In our books and lectures, we highlight six major myths about grief:
• Don’t Feel Bad
• Replace the Loss
• Grieve Alone
• Grief Just Takes Time [or Time Heals All Wounds]
• Be Strong & Be Strong for Others
• Keep Busy
When we list the six myths we believe that most limit grieving people, we always start the list with “Don’t Feel Bad!” The other five myths are equally damaging in keeping grievers stuck in their grief. But the foundation myth—Don’t Feel Bad!—suggests that feeling bad or sad is not an appropriate reaction to a heart-breaking loss. It is baffling to be told not to feel bad as you try to make sense of the normal and natural emotions you experience, for example, when someone meaningful in your life dies.
In fact, by the time a child in our society has reached the age of 15, she or he has received more than 23,000 inputs suggesting that not only should they not feel bad in reaction to a grief event, but that they shouldn’t share those feelings with others. That second part leads to one of the other major myths, “Grieve Alone.”
We never compare losses and we never compare myths.
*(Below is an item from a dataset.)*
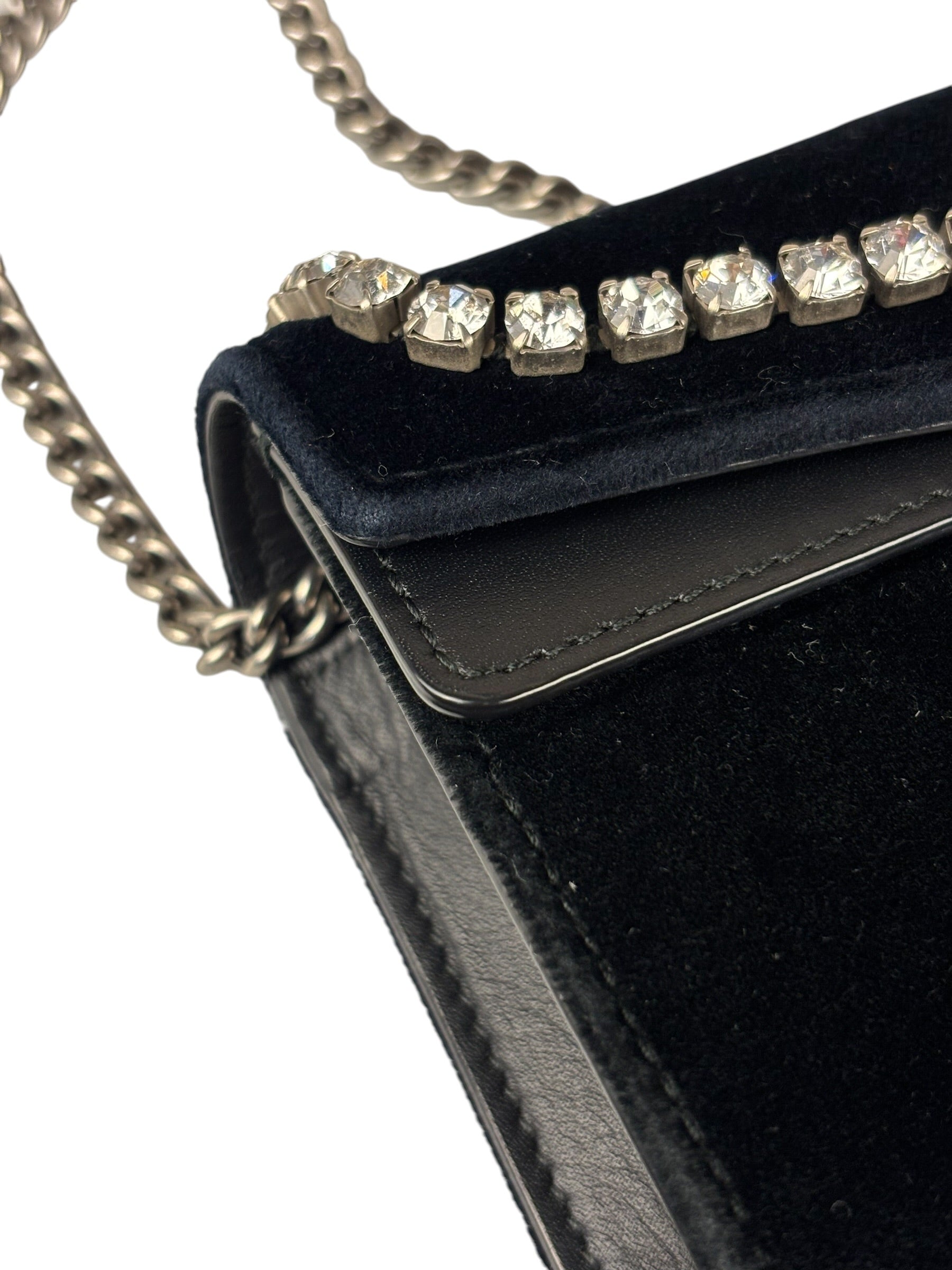 Gucci Mini Velvet Black Rhinestone Dionysus Crossbody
But we could start our list with any of the six and still wind up with the same inaccurate and unhelpful conclusion, which is that our sad, painful, or negative feelings are out of bounds, and that by communicating them, we’re burdening others with our feelings.
Here’s a small excerpt from page 77 of The Grief Recovery Handbook, to illustrate the fact that very young children are being taught not to feel what they feel and not to talk about it: A little child has come home from preschool with their feelings hurt by events with the other children on the playground. Mom, Dad, Grandma, or any other caretaker says “What happened?” The child responds, tearfully, that one of the kids was mean to her. The caretaker says, “Don’t cry, here, have a cookie, you’ll feel better,” thus setting the child up with a lifetime belief, from an important authority source, that feelings can be fixed with food.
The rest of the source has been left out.